Hiçbir şey yapmamak için mi sarayda oturmaya devam etmek istemektedir? Belli ki 1.5 milyonluk ÖRTÜLÜ ÖDENEK çok tatlı gelmiştir

CTP eski Genel Başkanı Mehmet Ali Talat, çok önemli ifşaatında şöyle demiştir:

“Bir resepsiyonda karşılaştığım Anastasiadis’e ‘bu kez belki bitirirsiniz’ dedim… Anastasiadis ise kulağıma eğilerek ‘25 KASIM’DAKİ GÖRÜŞME RESMİ 3’LÜ ZİRVE DEĞİL, GAYRİRESMİ BİR GÖRÜŞMEDİR VE BİR ŞEY ÇIKMAYACAK, BOŞUNA MASRAF YAPACAĞIZ’ dedi.”

Talat, Akıncı’nın yersiz umut pompalamasına karşı çıkmıştır…

Oysa Akıncı, Berlin’de yenecek akşam yemeğini, 5’li konferansın toplanmasını ve görüşmelerin başlamasını sağlayacak “RESMİ 3’LÜ ZİRVE” olarak takdim etmişti…

Şimdi bunun doğru olmadığı ortaya çıktı…

Akıncı, bu algıyı güçlendirmek için, uzmanları ile bu konuda çok önemli hazırlık toplantıları yaptığını açıklamıştır…

Ancak, Anastasiadis ve Talat, Akıncı’nın yaratmak istediği algıyı yerle bir etmiş, yeniden içi boş umut pompalamasını eleştirmiştir…

Türkiye de seçimlere 3 ay kala 5’li konferansa karşı olduğunu BM’ye duyurmuştur.
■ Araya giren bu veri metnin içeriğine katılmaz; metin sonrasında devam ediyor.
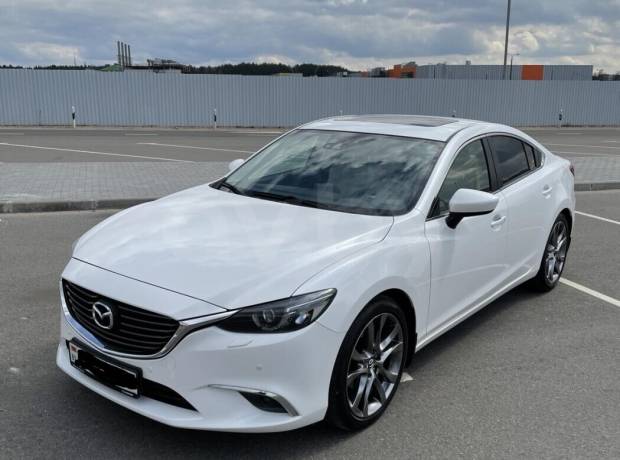 Mazda 6 III Рестайлинг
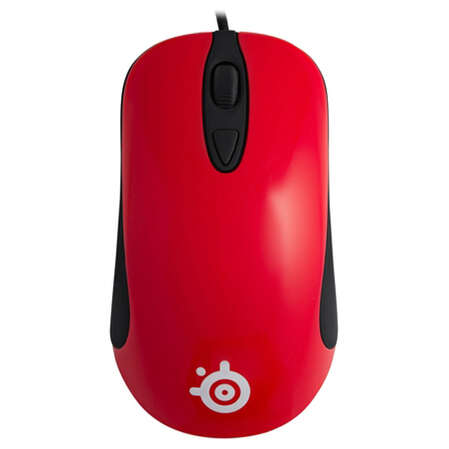 Мышь SteelSeries Kinzu v2 Pro Edition red USB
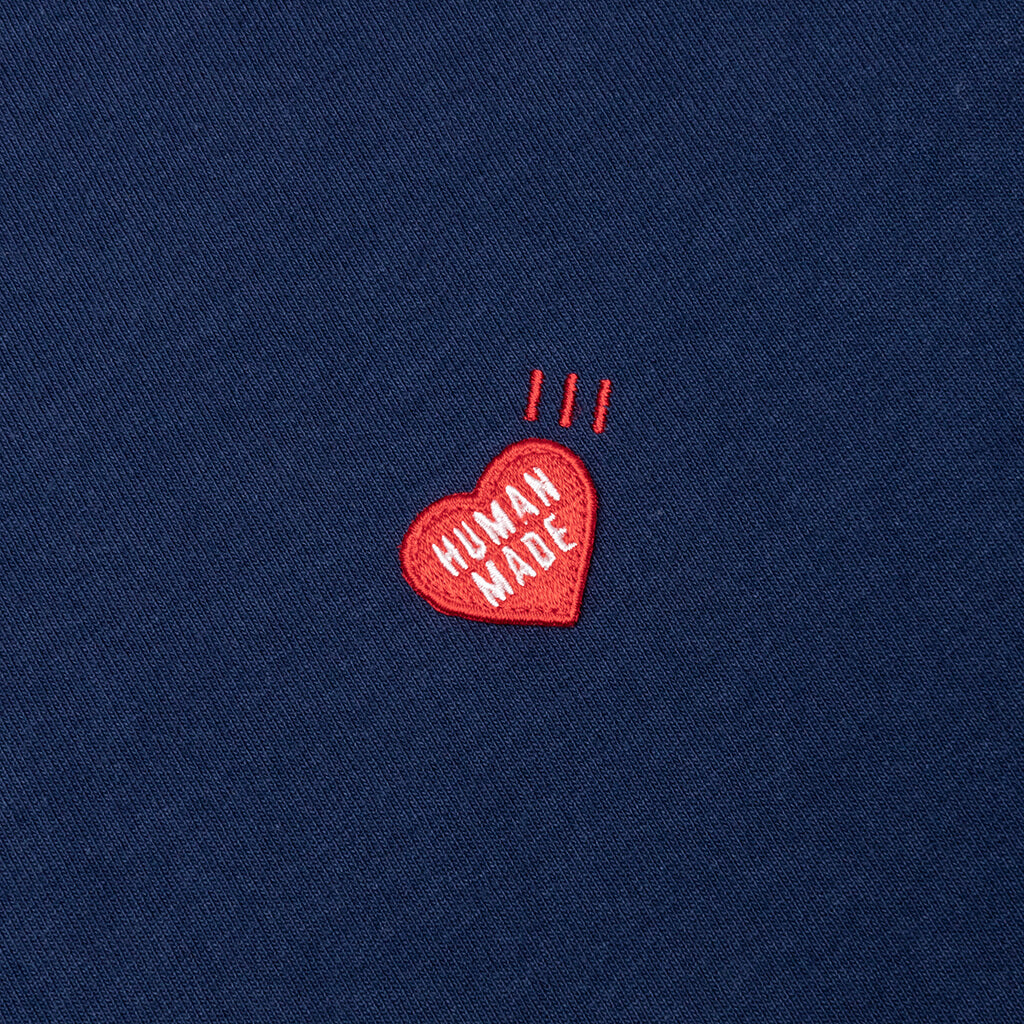 Graphic L/S T-Shirt #6 - Navy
Talat, Akıncı’ya yönelik şu eleştirileri de yapmıştır:

“Ben görevde iken birçok ülkeye gidip lobi yaptım. Akıncı’nın ise sarayda hiçbir şey yapmadan eli kolu bağlı oturuyor. Akıncı’nın görevi Türkiye ile uyumlu çalışmak ve lobi yapmaktır. Türkiye’yi ikna etmek yerine, basın önünde kavga yapıyor… Oturarak bir şey çözülmez. Brüksel, Londra, New York, Fransa, hatta Rusya gibi ülkelere, geçmişte benim yaptığım gibi ziyaretler gerçekleştirmen gerekirdi. Akıncı beş yıldır hiçbir lobi çalışması yapmadı. Hiçbir ülkeye gitmedi.”

Sn. Talat, yüzde yüz haklıdır.

Nitekim Akıncı, Rum tarafının yoğun kara propagandasına ve KKTC-Türkiye aleyhtarı faaliyetlerine karşı hiçbir tepki göstermemekte, hiçbir yurt dışı temas yapmamakta, hatta bir mektup bile göndermemektedir… Örneğin;

– Yunan savaş uçakları KKTC hava sahasını ihlal etmiştir…

– Rum yönetimi, ambargoları hafifletecek AB doğrudan ticaret tüzüğünün geçmesini engellemiştir.

– Yunanistan, Mısır, Fransa ile askeri tatbikat yapmıştır…

– Silahlanmayı hızlandırarak, silah alımına günde 3 milyon dolar harcamaya başlamıştır…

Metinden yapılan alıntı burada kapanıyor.